A recent survey conducted by an on-line leasing agency discovered that 60 per cent of landlords and property managers said that finding the right tenant was the most challenging aspect with Buy-to-Let properties, however, it is the most important.
Perhaps you are what is termed an “accidental landlord” where you must rent out all or some of your own property to meet mortgage repayments. Or maybe you are thinking of buying a property to rent as an investment.
Let’s take a look at how you should go about being a landlord. We’ll start with the top priority - the Law.
Before you even start to look for a tenant, familiarise yourself with the legislation governing the rights and obligations of private rented accommodation. This is set down in the Landlord and Tenants Acts 1967–1994 and the Residential Tenancies Act 2004.
As a landlord you have many rights for example you have the right to set the rate of rent and receive it on the date it is due. You can review the rent annually and terminate a tenancy during the first six months without giving a reason. You also have the right to refer disputes to the Private Residential Tenancies Board (PRTB).
It is one thing knowing your own rights but you must be aware of the tenant’s, for example a landlord does not have permission to enter a tenant’s home without prior arrangement. A landlord may not take or retain a tenant’s property even if they have not paid the rent and they cannot charge more than the market rate for the property.
There are many other rights and obligations you have as a landlord so please familiarise yourself with what they are first.
Another important factor is knowing and understanding what constitutes discrimination. Whilst you may have some leeway in asking for tenants that don’t smoke or not allowing them have pets, you cannot discriminate against potential tenants on grounds of gender, civil status, family status, sexual orientation, religion, age, disability, race or membership of the Traveller community.
So now with the legal aspect studied you are ready to meet prospective tenants in person. I believe this is of the utmost importance because any of the successful landlords I know are very much the Hands-on type who meet with tenants themselves.
There is no hard rule about what the ideal tenant should look like, however, if they don’t take personal hygiene or their appearance seriously when meeting you, then it follows that there is a high chance that they won’t take much better care of your property than they do themselves. Regardless of what they look like go with your gut instinct, if there is something not quite right, then move on to the next person.
When you meet prospective tenants don’t be afraid to ask the right questions such as: How long have you lived at your current address? Why are you leaving that property? It is perfectly acceptable to request a written reference from their current landlord and it is not a bad idea to speak with them to ask if the prospective tenant took good care of their property.

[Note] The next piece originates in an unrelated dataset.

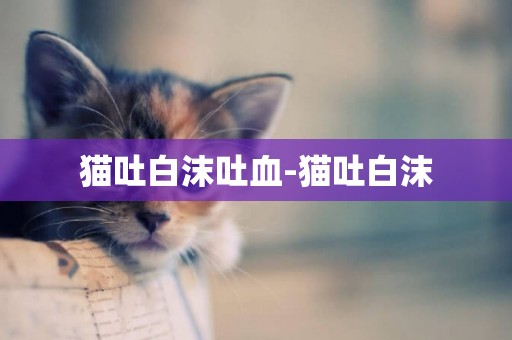 貓吐白沫吐血-貓吐白沫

One landlord I know of goes as far as visiting the property they are moving from - with the consent of the prospective tenant - and he says that the state of that property is indicative of how they will take care of yours.
Some landlords I have spoken to also ask to speak with the employers of the tenants simply to verify that they still work there.
The work doesn’t stop after you have secured the right tenant. Next comes the decision of self-managing or employing the services of a property management company.
Many landlords swear by managing it themselves because it is a great way for them to make sure the property is being taken care of. Going there, the old fashioned way, once a month to collect the rent ensures that they can visually inspect their holding.
This is time consuming but worth it every time as it takes far more time to make repairs to your property if you haven’t checked on your house in months only to find out too late that the property wasn’t looked after.